With the ruling of the ECJ of 16 July, new rules apply to data transfer to the USA. The EU-US Privacy Shield Agreement, which has been considered an appropriate basis for legally secure data transfer to the USA since 2016, is no longer valid.
The Austrian Maximilian Schrems, who saw his rights violated by the American authorities' access rights to data in the USA, had filed a complaint. The European Court of Justice essentially followed the complaint. International data transfer is only possible if data protection comparable to the DSGVO exists in the recipient country. The monitoring programmes of the US authorities, which are based on Section 702 FISA and Executive Order 12333, mean that these rights are not given. The principle of necessity is not complied with, and EU citizens have hardly any legal protection against such surveillance. Therefore, data transmission to the USA is no longer permitted under the Privacy Shield Agreement. The ruling is effective immediately, which means that there is no transitional period.
Data transmission with standard contractual clauses still possible!
Data transfers that refer to the so-called EU standard contractual clauses are still possible. These are firmly defined additions to contract processing contracts that contain data protection regulations. They may only be used unchanged in order to be legally secure. These Clauses are still valid in principle. A general effectiveness does not exist, however. This is because it must be examined in each individual case whether the legal framework in the third country is such that the standard contractual clauses provide sufficient legal certainty. Which brings us back to the question of whether this certainty is at all possible through the US monitoring programmes. In purely pragmatic terms, however, it can be assumed that data transfer to the USA is possible with these clauses as long as the data in question is not particularly sensitive. Since the surveillance of telecommunications providers is quite strong, data transfers to US telecom companies not possible.

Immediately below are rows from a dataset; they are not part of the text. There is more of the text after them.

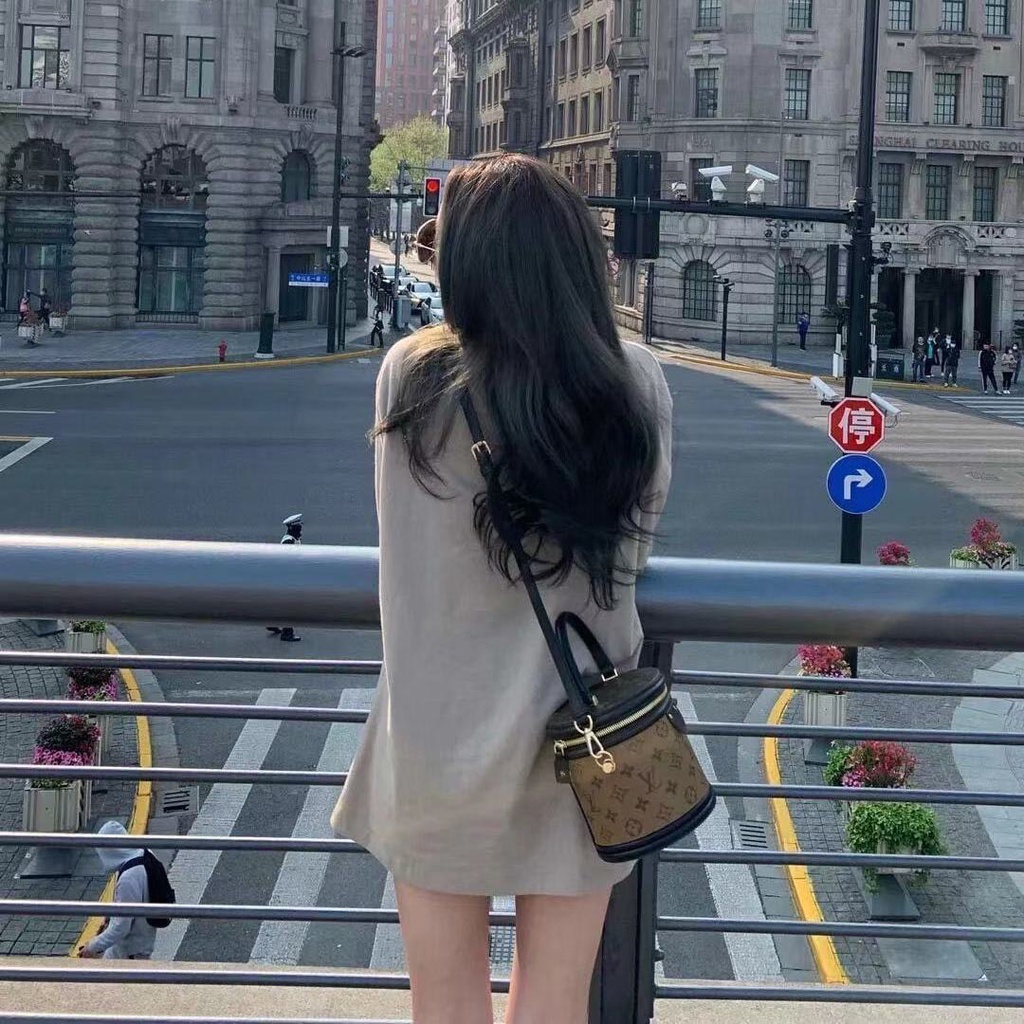 Áo sweater form rộng ESSENTIALS nỉ da cá cực xịn | BigBuy360 - bigbuy360.vn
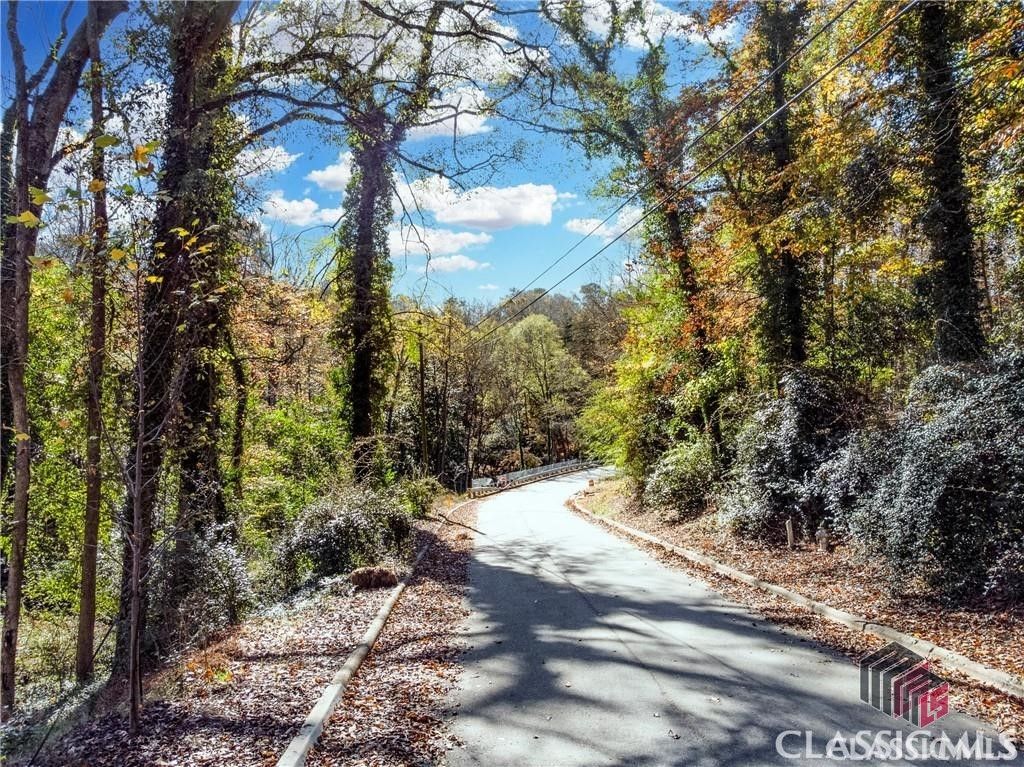 Photo of 589 West Lake Drive, Athens, GA 30606 (MLS # CM1027326)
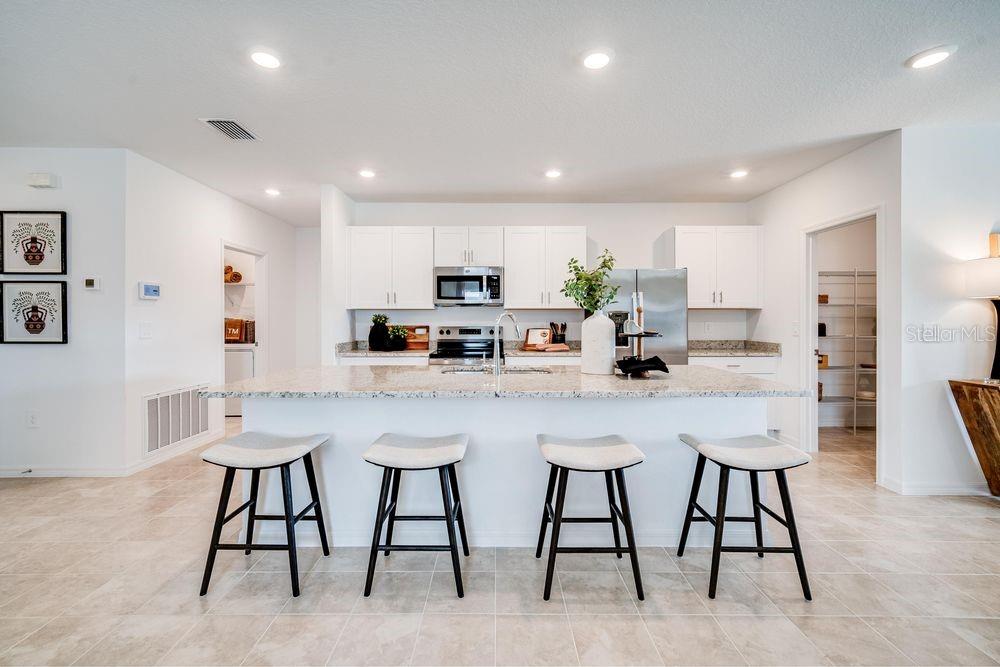 Listing photo id 2 for 13643 Tropical Breeze Way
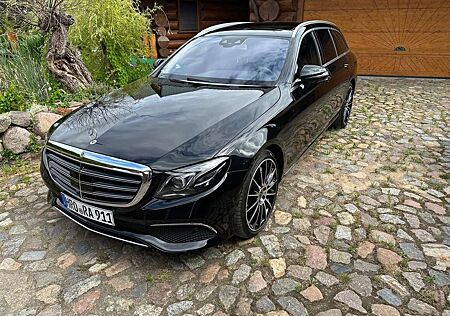 Mercedes-Benz E 400 d 4Matic T 9G-TRONIC NP: 110.186€ Excl.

What do SMEs need to consider now?
In order to avoid any problems in cooperation with US companies even after the ECJ ruling SMEs should take the following steps:
- Create a list of US data processors: First create a list, with which US companies you exchange data with. This is often Microsoft through Office 365, Amazon via AWS and a variety of other cloud based tools. This is not about Software installed on the company's own internal servers Important are software- as-a-Service applications that run in the cloud, i.e. on the servers of software providers.
- Check contract processing agreements: For these US vendors, check the Data Processing Agreements. Typically the point "Data Transfer" states on what legal basis data is being transmitted. Does the provider only refer to the Privacy Shield Agreement data transmission is no longer possible. Almost all major US companies use but already from the beginning, in addition to the Privacy Shield Agreement, the Standard contractual clauses.
- Check data categories: Check within your company which data is transferred to the USA or which data is processed in the SaaS applications. The supervisory authorities have not yet recommended which data is rather uncritical and which should not be transferred under any circumstances. Until then, the following applies: The more sensitive the data, the higher the risk that it cannot be transferred to the USA.
- Conclude standard contractual clauses: If you use smaller providers in the USA as contract processors, check your AV contracts and update them with the EU standard contract clauses if necessary. You can download them at the end of this article.
- Look for alternatives: There is no alternative to many of the large US tech companies. However, they work with standard contract clauses anyway and mostly strive for high transparency. Microsoft, for example, publishes a list of requests by the US authorities. But many small US companies cannot afford to do that. Look for providers from Europe in time to be able to react if your current US provider does not offer an alternative to the Privacy Shield.
Even if the ruling has immediate effect and all data transfers to the USA based on the Privacy Shield are illegal, the supervisory authorities will not initially monitor companies for this point on their own initiative. SMEs should therefore use this "unofficial" transitional period to gain an overview and take the necessary measures in order to be able to transfer data to the USA in a legally secure manner in the future.